22. There are, on the other hand, certain countries where the access of refugees, like that of other foreigners, to the labour market, is restricted. The numbers of refugees involved are relatively small and in many cases a solution has been found by UNHCR facilitating their resettlement in other countries.
Improvement of the social rights of refugees in the framework of regional legal instruments
23. The High Commissioner has continued his efforts for the assimilation of the legal status of refugees to the nationals of their countries of residence not only on a national basis, but also within the framework of legal instruments adopted on a regional basis. His task has been facilitated by the willing co-operation of regional inter-governmental organizations, such as the Council of Europe, the Organization for European Co-operation and Development and the European Economic Community.
24. A great measure of assimilation of refugees to the nationals of their countries of residence has been achieved on a regional basis in Europe as far social security is concerned. The High Commissioner is paying particular attention to the question of freedom of access to employment and freedom of circulation of refugee manpower on a regional level, fields of particular importance for the successful economic absorption of refugees, and in these matters he greatly values the co-operation of the inter-governmental organizations concerned.
25. The Office of the UNHCR has continued to administer the fund of DM 45 million, placed at the disposal of the High Commissioner under the Agreement with the Government of the Federal Republic of Germany, concluded on 5 October 1960, for the indemnification of victims of National Socialist persecution. The screening of the 40,000 applications has now reached an advanced stage. It is hoped that a substantial part of the fund will be distributed during the current year. The High Commissioner has also continued to co-operate with the German Federal authorities with regard to their implementation of article 1 of the Agreement.
26. The Office of UNHCR, in the exercise of its function of international protection, has continued to give special attention to the problems arising from claims of refugees for indemnification for persecution suffered under the National Socialist regime. The German Federal Government is considering final legislation on the matter of indemnification. The High Commissioner is following the problem closely, with a view to ensuring that the interests of the refugees are safeguarded. It is his hope to be able to report to the General Assembly later in the year the result of the deliberations on this problem in so far as they affect refugees.
Other aspects of the work of protection
27. Within the framework of its protection activities, the Office has facilitated contact between refugees wishing to return to their country of origin and the authorities of these countries. It has also acted as an intermediary between refugees and the authorities of their country of origin in those cases where refugees seek reunion with their families who wish to join them. In these activities the Office is closely co-operating with the International Committee of the Red Cross which is specially concerned with the problems of family reunion. It will be recalled that the conference of Plenipotentiaries on the 1951 Convention adopted recommendation B in the Final Act of the Convention, with a view to ensuring that the unity of the refugee's family is maintained. The High Commissioner is grateful to the competent authorities of the many countries which have made family reunion of refugees possible.

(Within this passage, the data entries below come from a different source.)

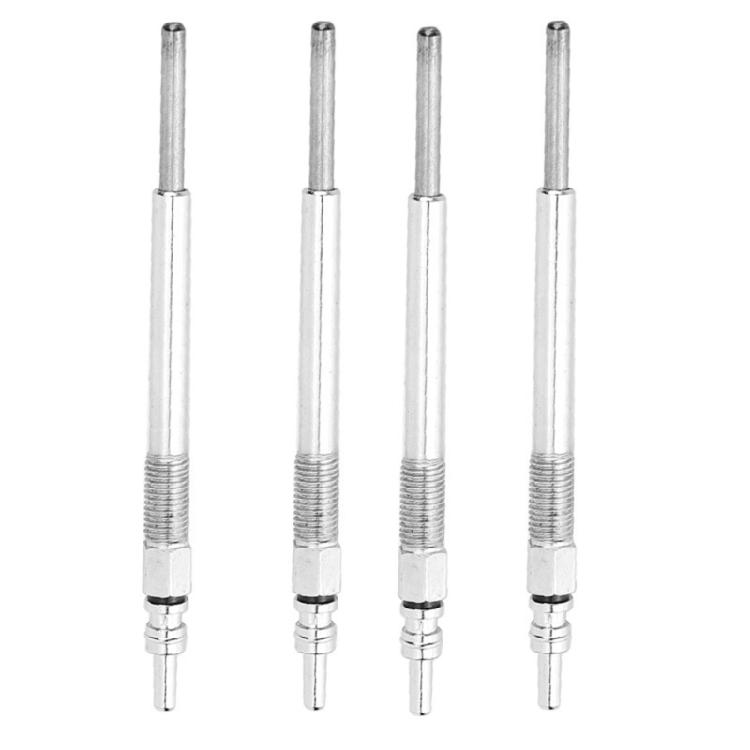 Vehicle Iron Glow Plugs Quick Heat Up 0100276008 Replacement Iron Heating Plugs set Car Spare for Smooth Engine Starts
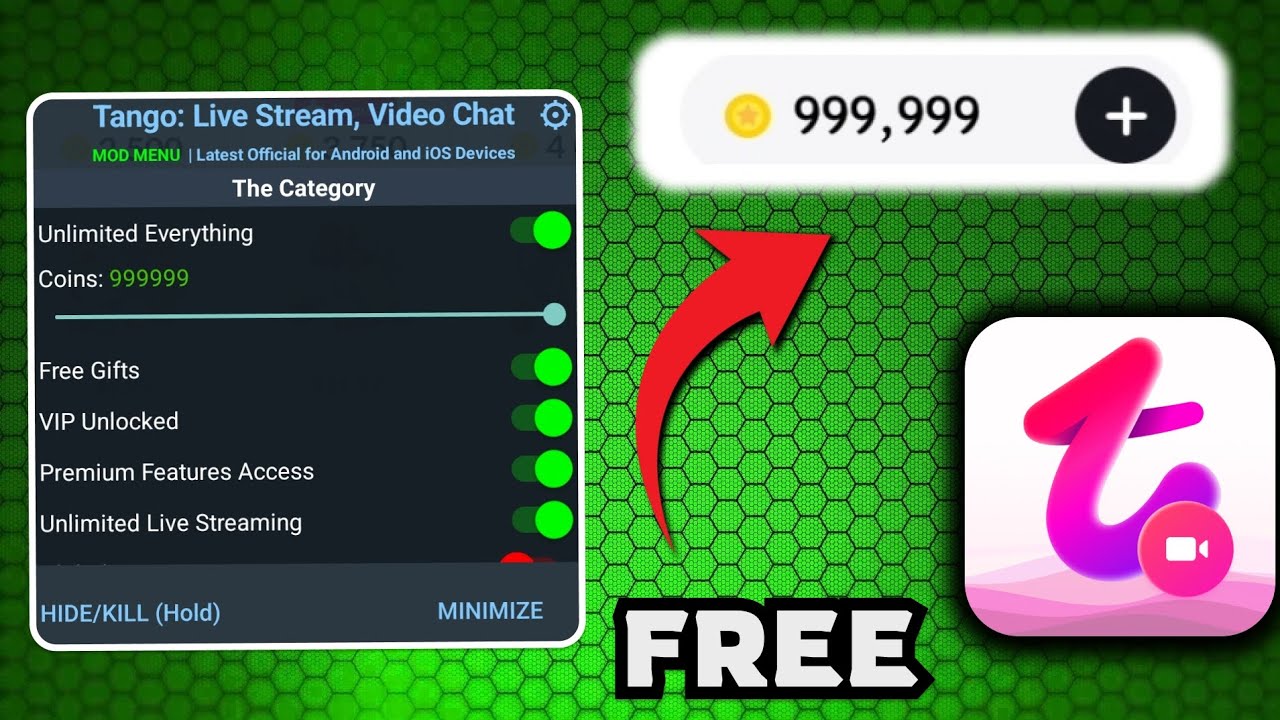 How to Get Free Tango Coins (999999 Coins) |&nbsp;Tango Coins Method&nbsp;for iOS & Android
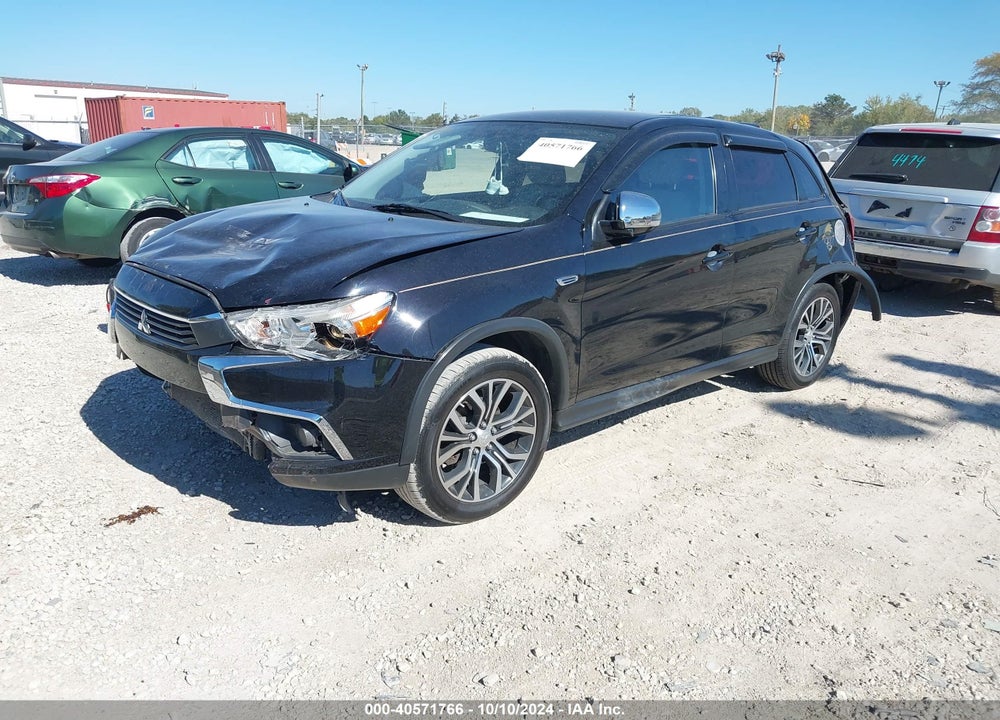 2017 MITSUBISHI OUTLANDER SPORT 2.0 ES VIN: JA4AR3AU4HZ000971
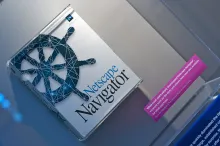 Netscape Navigator, from the early-web era of GeoCities.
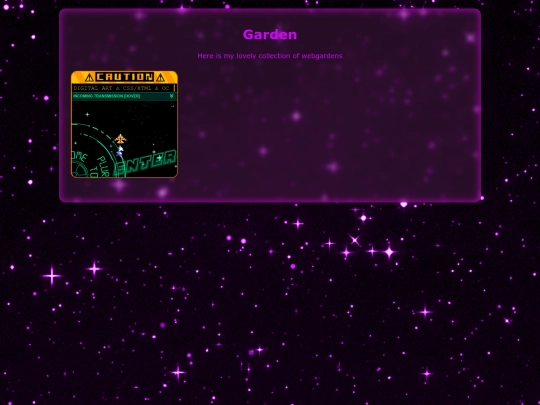 garden screenshot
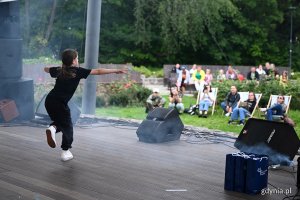 Występy artystyczne w amfiteatrze (fot. Michał Puszczewicz)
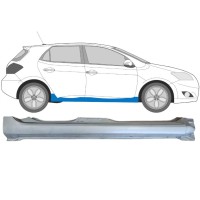 Kompletný prah pre Toyota Auris 2007-2012 / Pravá 15089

28. International protection only becomes necessary in general questions and in such individual cases where the problem cannot be solved through the ordinary remedies available under the administrative and judicial procedure of the country concerned. To make full use of these possibilities, refugees often require legal aid and advice. Wherever possible the Office encourages the establishment of legal assistance facilities to refugees free of charge. Government-sponsored legal assistance schemes, however, do not exist in all countries, nor do they always take account of the particular legal problems of refugees which by their nature are often very complex. The Executive Committee has accordingly approved the continuation of a programme for the granting of legal assistance to refugees. This programme is complementary to the international protection of refugees. The relatively modest sums required often enable refugees to become self-supporting without the need to resort to international funds for their material assistance.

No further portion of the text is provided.